Monday, October 5, 2015
Saturday, October 3, 2015
- A 5% discount! I am glad I asked.
- I find them both creating in the living room, enjoying their time together. Em is drawing a lovely zentangled elephant and Jay is waving friendship bracelets.
- I talk Jay into going for a walk. On our way back we stop at the orchard and enjoy the view of the valley down below. That is when she says she didn’t expect our trip to be this lovely.
Friday, October 2, 2015
- I had a headache after the session but I also felt more relaxed. I am grateful for the good experience.
- A pendant Jay will love.
- Jay and I attend the opening of an exhibition of paintings by local ameteur artists that takes place every year about same time. My old classmate from primary school and his wife are there, too, both painters. Great time.
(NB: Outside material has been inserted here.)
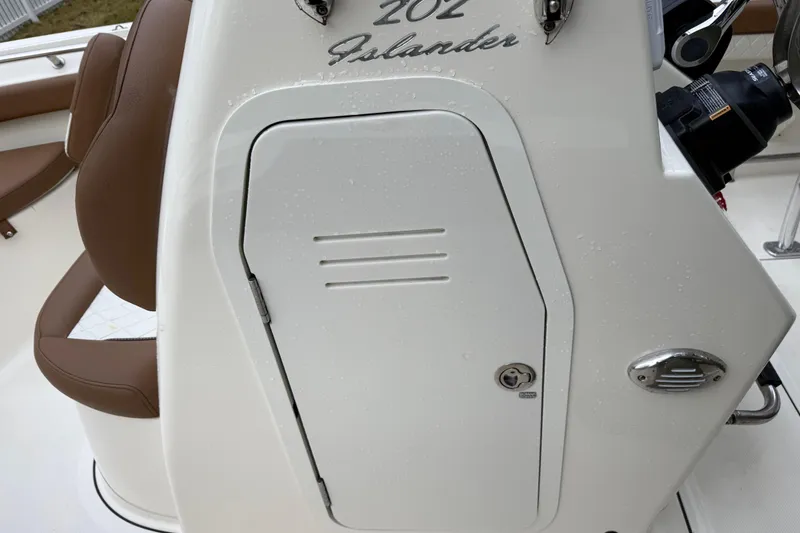 Slide: The Image of 2021 Pioneer 202 Islander boat console with brown seating and storage compartment. - 27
Beautiful works.
Thursday, October 1, 2015
- I watch her walk from the car to the school building, confidently and energetically.
- My appointments get scheduled much earlier than I expected, but that is a good thing. Soon is good.
- I let my Mom take my car in the afternoon so that I have a good excuse to walk down to get it back in the evening. These are my most refreshing 20 minutes of today.
Wednesday, September 30, 2015
Sunday, September 27, 2015
- I have no idea what I did wrong the first time I tried installing my new computer mouse, but now it works. It’s red and wireless and mine.
- I take the piece of furniture I no longer use from the bedroom to one of the rooms upstairs. A good decision.
- In the evening Jay wants us to be creative, both of us, like we were last night. I draw zentangles again.
Thursday, September 17, 2015
Wednesday, September 16, 2015
- The orange sky at sunrise. What I like most about Fall is the breath-taking sky at sunrise, sunset and on starry nights.
- Jay suggests we take our bikes and ride up to the poet’s old cottage again. We walk around it, check the records of visitors for new names (but Jay’s from a few days ago is the last one), then we watch crazy clouds for a while, and ride back.
- I anticipate a peaceful end of the day, but then I get into a quarrel with Em. I come to realize it’s high time I let go of certain beliefs and encourage independence and responsibility of people around me. And that is good thing.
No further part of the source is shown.